→ Activity: Reproduce the top of the data verbatim, through and including the line that contains "Çizgi romancı çocuk, bir".
►
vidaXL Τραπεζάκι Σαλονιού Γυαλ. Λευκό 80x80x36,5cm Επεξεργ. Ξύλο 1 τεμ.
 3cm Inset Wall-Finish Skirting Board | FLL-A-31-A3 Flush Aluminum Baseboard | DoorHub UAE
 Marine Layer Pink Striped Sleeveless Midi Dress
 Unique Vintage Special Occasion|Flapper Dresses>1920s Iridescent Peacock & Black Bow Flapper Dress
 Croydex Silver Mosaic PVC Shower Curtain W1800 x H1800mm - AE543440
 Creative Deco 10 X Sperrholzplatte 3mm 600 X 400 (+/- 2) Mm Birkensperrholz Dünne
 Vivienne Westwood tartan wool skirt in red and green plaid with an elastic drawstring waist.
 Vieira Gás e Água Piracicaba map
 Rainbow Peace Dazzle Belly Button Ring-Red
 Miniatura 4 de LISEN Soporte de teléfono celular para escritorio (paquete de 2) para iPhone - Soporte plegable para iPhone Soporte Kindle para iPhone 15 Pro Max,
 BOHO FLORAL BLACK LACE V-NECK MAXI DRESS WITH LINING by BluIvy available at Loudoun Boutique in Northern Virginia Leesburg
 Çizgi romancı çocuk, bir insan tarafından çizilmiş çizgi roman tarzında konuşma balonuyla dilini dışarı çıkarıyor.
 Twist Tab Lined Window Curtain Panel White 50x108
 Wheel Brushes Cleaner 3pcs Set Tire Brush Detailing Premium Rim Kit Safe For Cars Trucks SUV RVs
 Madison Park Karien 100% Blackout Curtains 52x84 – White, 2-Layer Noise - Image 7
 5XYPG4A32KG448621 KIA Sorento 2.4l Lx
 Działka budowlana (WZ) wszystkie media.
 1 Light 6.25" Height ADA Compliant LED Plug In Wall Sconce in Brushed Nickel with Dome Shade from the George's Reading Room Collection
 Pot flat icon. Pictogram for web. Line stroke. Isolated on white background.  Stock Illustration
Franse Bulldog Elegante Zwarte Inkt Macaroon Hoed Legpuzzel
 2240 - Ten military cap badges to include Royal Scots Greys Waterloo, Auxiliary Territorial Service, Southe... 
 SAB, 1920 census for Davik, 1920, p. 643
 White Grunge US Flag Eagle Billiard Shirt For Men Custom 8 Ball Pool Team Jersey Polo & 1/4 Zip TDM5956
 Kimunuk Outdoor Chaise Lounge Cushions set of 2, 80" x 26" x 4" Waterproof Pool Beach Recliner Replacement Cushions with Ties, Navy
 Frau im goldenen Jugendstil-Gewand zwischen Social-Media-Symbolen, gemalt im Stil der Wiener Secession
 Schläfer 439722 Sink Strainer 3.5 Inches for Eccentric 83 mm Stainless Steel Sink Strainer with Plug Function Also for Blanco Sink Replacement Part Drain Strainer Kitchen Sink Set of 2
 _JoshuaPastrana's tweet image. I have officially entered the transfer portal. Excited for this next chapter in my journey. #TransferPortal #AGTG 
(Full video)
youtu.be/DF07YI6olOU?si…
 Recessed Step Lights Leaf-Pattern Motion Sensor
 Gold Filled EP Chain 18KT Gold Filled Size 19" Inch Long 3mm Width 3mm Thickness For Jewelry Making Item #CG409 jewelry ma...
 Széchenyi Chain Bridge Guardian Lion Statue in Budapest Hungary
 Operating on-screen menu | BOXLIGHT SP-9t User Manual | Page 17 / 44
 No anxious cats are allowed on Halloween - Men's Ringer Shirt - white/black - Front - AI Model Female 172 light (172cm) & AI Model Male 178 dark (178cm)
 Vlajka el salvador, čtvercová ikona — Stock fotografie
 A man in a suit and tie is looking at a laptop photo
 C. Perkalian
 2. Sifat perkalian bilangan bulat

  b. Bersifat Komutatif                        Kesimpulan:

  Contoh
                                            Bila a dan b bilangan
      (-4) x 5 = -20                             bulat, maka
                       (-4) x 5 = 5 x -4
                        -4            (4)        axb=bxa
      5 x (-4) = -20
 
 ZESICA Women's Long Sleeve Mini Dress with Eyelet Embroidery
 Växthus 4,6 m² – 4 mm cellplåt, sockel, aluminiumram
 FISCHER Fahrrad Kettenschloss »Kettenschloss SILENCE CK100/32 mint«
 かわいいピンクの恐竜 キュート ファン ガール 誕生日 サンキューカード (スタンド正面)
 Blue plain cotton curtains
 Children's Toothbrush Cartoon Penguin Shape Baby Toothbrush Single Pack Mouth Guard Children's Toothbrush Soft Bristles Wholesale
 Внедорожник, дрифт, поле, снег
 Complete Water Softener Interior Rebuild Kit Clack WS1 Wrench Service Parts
◄
→ Exercise response:
vidaXL Τραπεζάκι Σαλονιού Γυαλ. Λευκό 80x80x36,5cm Επεξεργ. Ξύλο 1 τεμ.
 3cm Inset Wall-Finish Skirting Board | FLL-A-31-A3 Flush Aluminum Baseboard | DoorHub UAE
 Marine Layer Pink Striped Sleeveless Midi Dress
 Unique Vintage Special Occasion|Flapper Dresses>1920s Iridescent Peacock & Black Bow Flapper Dress
 Croydex Silver Mosaic PVC Shower Curtain W1800 x H1800mm - AE543440
 Creative Deco 10 X Sperrholzplatte 3mm 600 X 400 (+/- 2) Mm Birkensperrholz Dünne
 Vivienne Westwood tartan wool skirt in red and green plaid with an elastic drawstring waist.
 Vieira Gás e Água Piracicaba map
 Rainbow Peace Dazzle Belly Button Ring-Red
 Miniatura 4 de LISEN Soporte de teléfono celular para escritorio (paquete de 2) para iPhone - Soporte plegable para iPhone Soporte Kindle para iPhone 15 Pro Max,
 BOHO FLORAL BLACK LACE V-NECK MAXI DRESS WITH LINING by BluIvy available at Loudoun Boutique in Northern Virginia Leesburg
 Çizgi romancı çocuk, bir insan tarafından çizilmiş çizgi roman tarzında konuşma balonuyla dilini dışarı çıkarıyor.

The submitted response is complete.